Task prompt: What you write must be the listing below in full, word for word, minus its pictures.

Given material:
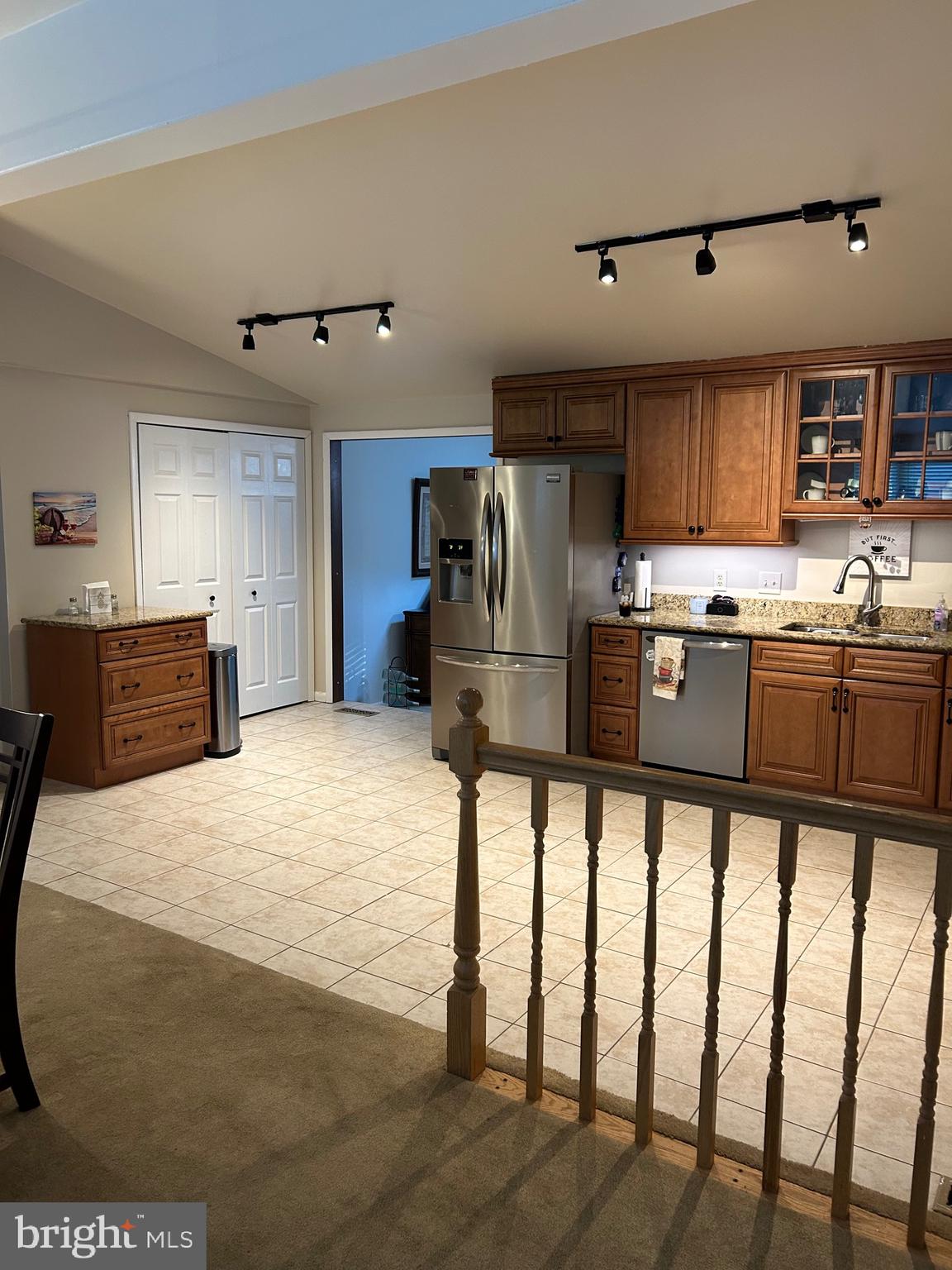WILLOUGHBY BEACH - Residential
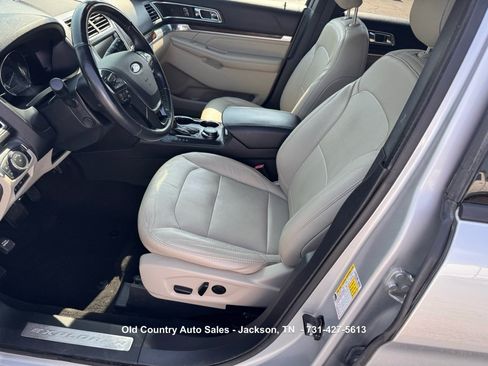 Used 2019 Ford Explorer Limited w/ Ford Safe & Smart Package AWD/4WD image 25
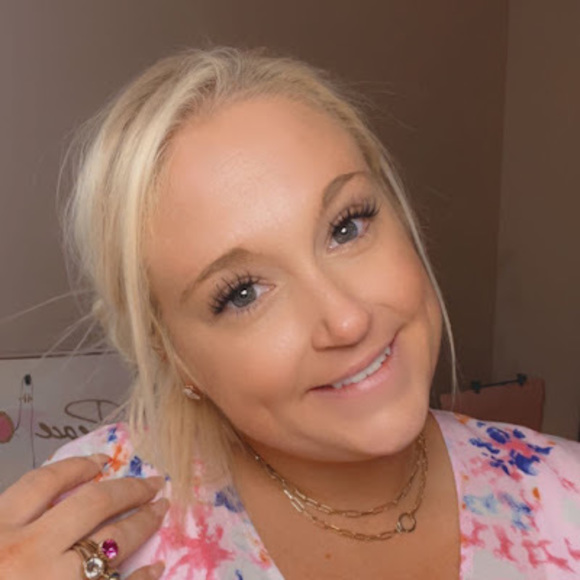 Meet your Posher, Lindsay - Picture 1 of 2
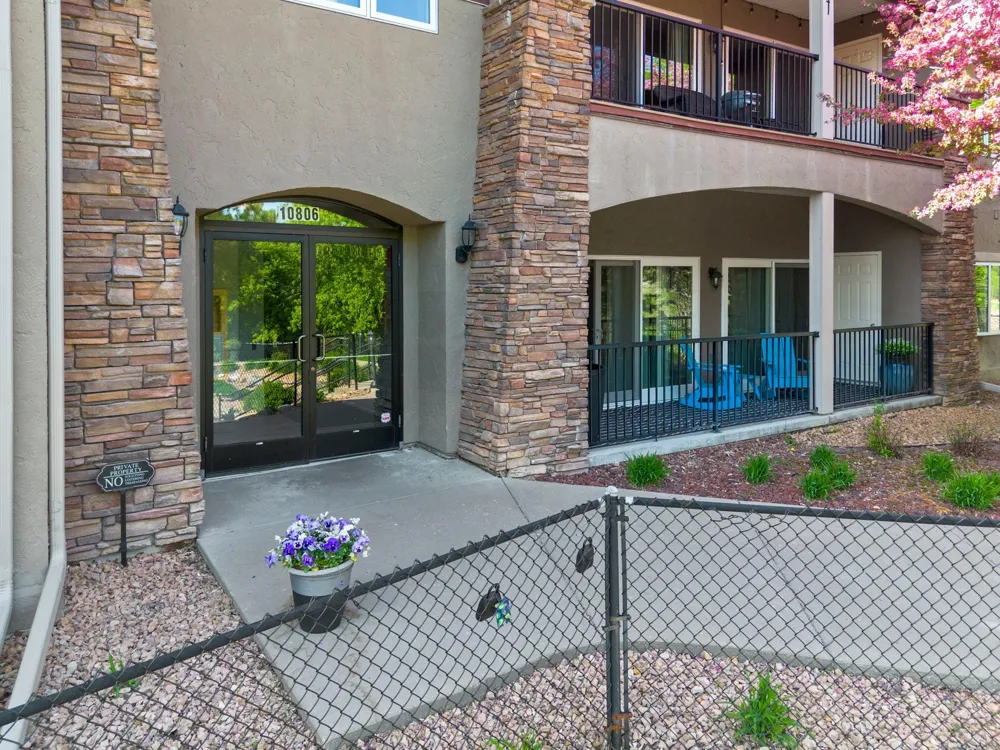 10806 S Shore Drive #103 Plymouth, MN 55441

Response area:
WILLOUGHBY BEACH - Residential
 Used 2019 Ford Explorer Limited w/ Ford Safe & Smart Package AWD/4WD image 25
 Meet your Posher, Lindsay - Picture 1 of 2
 10806 S Shore Drive #103 Plymouth, MN 55441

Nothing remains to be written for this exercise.